He partly absolved Jordan Archer of blame after the debutant keeper – one of seven new players blooded by McLeish, including Hibs pair Lewis Stevenson and Dylan McGeouch – looked suspect at both goals.
The 25-year-old Millwall player collided with skipper Charlie Mulgrew en route to Peru gaining the penalty that saw them take the lead after 37 minutes through Christian Cueva. Jefferson Farfan’s goal shortly after half-time also looked to go through Archer but defenders were also culpable in the run-up to the strike from near the edge of the six-yard box.
“Peru are at at better level than us, we have to be honest on that,” said McLeish. “But I don’t think that’s a secret and I believe that the Peruvian team and management felt they could beat Scotland easily.
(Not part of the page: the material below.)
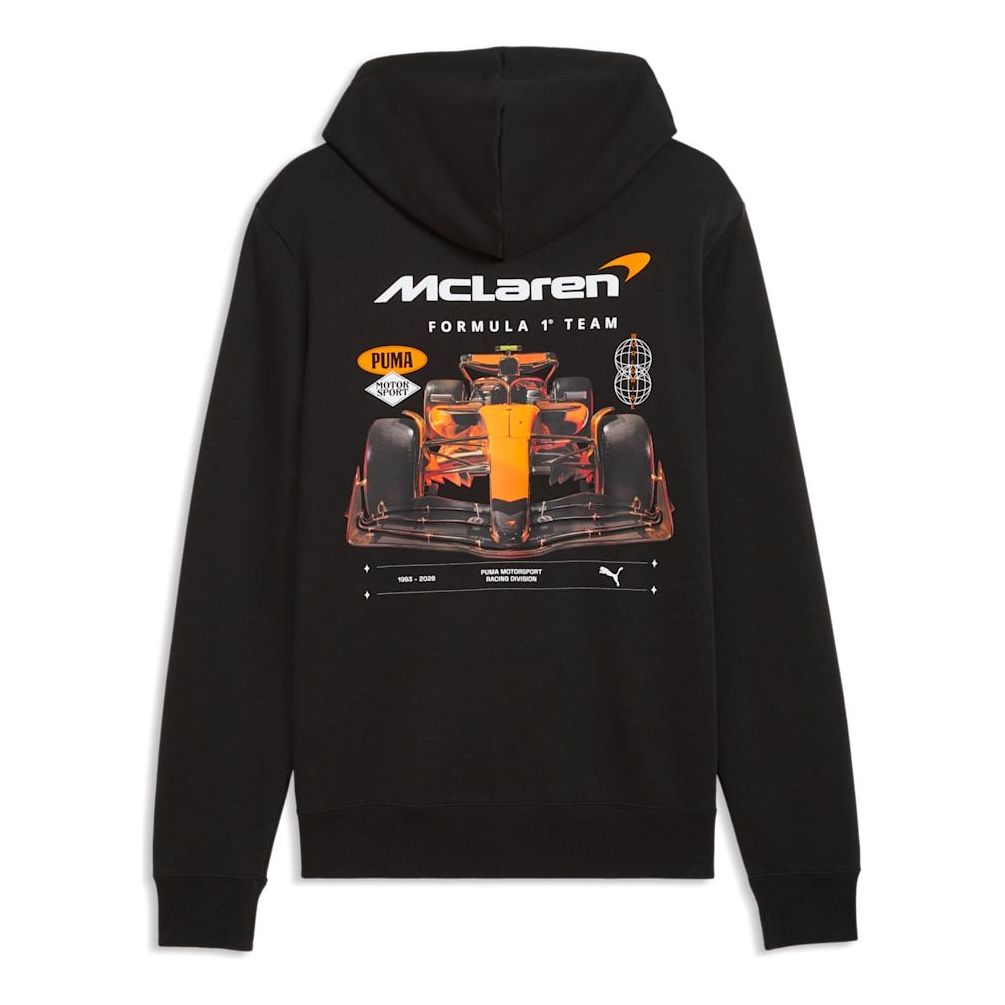 

Худи Puma x McLAREN RACING Graphic Hoodie 'Puma Black'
Maybe we have to do other things to try to get some kind of result but overall the organisation of the team was good, the players concentrated.
“Some players haven’t played at this level before but I do see a very good level in the Peru team. They have improved from the beginning of the coach’s time.
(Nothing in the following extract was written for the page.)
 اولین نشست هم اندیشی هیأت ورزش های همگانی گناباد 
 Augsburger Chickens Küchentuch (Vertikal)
“I think our goalkeeper felt that maybe he could have stayed at the first goal but I wouldn’t blame him for the second goal, it was a point-blank shot from Farfan, very close to the goal,” McLeish added. “Maybe our defenders could have done better.
“We believe the first goal was a big setback. We do have a lot of new players tonight. A lot of players came in from the Scottish league, which is not recognised as a good league. But I was very proud of them tonight.”
Seven of the starting XI were Scottish based players. McLeish also praised the contribution of Manchester United’s Scott McTominay. The 21-year-old earned his second Scotland cap in the centre of midfield and looked one of the few able to hold their own against the classy Peruvians.
“McTominay of Manchester United is still a young boy, he doesn’t have all the answers, but he is learning very quickly and he has had a meteoric rise this season into the Manchester United team and into international football,” said McLeish. “He will learn with every day he plays football. He will learn and I’m sure he will become better.
“If I had Jefferson Farfan in my team then maybe we would be a bit different. It’s about having types of player.
“In South America there is only one way of playing and in most of the European countries there is only one way of playing, they bring up their kids to play football on the ground. The British game has a reputation for playing higher balls sometimes. At the moment we are where we are in the Scottish national team.
“We have some players growing and some new players coming in to the team and it takes time. Patience has to be the key. We have games now against Mexico in Mexico City and also we have friendlies before we play in the Euros. I would like to think we will be in a much stronger situation when that comes around.”